[TASK TO COMPLETE]
All lines in the records below that hold "Sweatshirt" are to be shown.

[DATA EXTRACT]

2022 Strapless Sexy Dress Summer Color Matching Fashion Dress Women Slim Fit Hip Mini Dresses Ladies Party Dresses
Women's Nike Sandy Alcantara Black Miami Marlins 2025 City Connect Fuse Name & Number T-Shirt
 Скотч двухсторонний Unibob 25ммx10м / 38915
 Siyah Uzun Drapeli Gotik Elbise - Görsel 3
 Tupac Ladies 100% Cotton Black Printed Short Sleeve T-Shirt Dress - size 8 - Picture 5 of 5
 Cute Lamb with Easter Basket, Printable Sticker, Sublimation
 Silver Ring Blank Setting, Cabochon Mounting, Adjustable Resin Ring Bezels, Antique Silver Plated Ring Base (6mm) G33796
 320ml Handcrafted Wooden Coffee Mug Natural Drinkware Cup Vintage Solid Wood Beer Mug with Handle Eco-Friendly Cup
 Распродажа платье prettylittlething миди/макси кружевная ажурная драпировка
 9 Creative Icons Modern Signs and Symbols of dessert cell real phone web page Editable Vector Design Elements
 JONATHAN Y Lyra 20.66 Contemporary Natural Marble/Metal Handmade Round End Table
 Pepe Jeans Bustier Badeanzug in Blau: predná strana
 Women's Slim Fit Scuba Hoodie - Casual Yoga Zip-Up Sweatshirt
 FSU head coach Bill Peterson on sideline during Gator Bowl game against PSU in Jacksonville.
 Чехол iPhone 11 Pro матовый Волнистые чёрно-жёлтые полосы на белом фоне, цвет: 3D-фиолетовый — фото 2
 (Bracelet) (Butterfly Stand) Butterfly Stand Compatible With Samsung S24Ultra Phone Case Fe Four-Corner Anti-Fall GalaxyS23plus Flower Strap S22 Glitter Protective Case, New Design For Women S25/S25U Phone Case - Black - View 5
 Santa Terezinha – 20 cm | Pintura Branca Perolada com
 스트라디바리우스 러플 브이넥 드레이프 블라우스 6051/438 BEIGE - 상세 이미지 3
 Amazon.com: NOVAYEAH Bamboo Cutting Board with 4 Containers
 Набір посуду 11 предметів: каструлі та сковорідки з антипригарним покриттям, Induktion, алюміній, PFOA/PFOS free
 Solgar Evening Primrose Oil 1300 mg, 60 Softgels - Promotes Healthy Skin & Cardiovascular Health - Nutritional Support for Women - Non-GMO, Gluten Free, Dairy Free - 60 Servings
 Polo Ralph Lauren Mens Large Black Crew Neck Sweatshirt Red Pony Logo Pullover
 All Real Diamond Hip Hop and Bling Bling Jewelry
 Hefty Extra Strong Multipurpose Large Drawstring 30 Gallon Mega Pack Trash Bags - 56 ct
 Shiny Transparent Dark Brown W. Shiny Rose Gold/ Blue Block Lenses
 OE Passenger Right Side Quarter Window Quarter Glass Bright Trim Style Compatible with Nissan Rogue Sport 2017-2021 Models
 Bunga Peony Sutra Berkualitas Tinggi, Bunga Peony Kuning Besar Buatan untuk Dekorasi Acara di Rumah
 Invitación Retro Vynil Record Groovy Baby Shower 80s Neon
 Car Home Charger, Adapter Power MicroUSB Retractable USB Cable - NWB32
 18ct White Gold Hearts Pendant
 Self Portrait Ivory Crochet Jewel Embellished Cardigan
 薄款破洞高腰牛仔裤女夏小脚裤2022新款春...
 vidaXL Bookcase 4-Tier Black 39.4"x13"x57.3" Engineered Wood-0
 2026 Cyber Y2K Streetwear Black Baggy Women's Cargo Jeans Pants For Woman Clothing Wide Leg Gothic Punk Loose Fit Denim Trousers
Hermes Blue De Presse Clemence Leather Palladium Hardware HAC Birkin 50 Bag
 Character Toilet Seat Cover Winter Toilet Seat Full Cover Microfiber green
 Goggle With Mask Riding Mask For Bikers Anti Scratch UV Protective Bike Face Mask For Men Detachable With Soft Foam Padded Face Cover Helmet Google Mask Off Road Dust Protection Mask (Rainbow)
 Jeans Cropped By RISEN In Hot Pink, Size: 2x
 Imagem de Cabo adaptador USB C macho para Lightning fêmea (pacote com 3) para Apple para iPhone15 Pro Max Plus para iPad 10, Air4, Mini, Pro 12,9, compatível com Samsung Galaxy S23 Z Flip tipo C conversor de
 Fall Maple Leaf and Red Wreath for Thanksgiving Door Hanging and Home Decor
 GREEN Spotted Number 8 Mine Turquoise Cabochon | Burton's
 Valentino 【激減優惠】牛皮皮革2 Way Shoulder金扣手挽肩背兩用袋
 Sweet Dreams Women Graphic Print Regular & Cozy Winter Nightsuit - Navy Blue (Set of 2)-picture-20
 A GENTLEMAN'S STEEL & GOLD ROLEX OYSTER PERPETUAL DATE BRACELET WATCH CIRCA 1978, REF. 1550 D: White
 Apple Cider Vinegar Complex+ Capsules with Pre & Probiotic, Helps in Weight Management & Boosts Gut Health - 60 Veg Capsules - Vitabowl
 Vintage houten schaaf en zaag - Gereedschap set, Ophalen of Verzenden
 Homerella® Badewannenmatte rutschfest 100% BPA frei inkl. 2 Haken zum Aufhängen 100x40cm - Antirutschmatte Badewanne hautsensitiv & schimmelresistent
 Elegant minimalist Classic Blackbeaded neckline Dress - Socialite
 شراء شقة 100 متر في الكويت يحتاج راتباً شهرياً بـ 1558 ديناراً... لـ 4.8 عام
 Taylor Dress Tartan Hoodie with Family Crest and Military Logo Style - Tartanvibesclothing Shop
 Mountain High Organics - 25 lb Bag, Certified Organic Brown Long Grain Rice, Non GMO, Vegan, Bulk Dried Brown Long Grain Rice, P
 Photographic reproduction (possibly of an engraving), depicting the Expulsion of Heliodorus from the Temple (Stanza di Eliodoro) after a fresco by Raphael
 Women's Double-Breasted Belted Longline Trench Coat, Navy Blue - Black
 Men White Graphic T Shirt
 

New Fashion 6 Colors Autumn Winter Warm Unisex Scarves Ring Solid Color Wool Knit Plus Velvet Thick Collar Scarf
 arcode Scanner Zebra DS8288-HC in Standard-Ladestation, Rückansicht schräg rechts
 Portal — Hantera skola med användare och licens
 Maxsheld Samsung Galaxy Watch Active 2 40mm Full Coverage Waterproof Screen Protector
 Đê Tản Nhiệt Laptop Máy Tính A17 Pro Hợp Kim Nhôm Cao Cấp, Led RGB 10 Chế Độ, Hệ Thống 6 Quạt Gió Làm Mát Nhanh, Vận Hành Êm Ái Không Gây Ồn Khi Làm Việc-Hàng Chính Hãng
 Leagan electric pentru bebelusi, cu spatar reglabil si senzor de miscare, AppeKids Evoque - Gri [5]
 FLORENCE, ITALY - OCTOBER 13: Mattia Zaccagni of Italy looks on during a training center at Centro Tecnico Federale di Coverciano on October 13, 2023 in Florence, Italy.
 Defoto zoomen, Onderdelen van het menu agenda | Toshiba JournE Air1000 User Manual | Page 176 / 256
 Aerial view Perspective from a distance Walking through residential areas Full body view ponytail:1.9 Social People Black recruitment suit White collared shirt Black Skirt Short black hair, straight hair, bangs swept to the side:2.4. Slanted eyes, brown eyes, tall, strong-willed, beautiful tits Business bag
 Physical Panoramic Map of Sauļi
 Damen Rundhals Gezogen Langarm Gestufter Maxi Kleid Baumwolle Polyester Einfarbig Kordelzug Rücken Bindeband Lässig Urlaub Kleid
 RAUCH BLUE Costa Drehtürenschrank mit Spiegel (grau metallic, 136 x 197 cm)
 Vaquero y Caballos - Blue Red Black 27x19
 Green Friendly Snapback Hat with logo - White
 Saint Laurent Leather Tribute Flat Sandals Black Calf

[TASK OUTPUT]
 Women's Slim Fit Scuba Hoodie - Casual Yoga Zip-Up Sweatshirt
 Polo Ralph Lauren Mens Large Black Crew Neck Sweatshirt Red Pony Logo Pullover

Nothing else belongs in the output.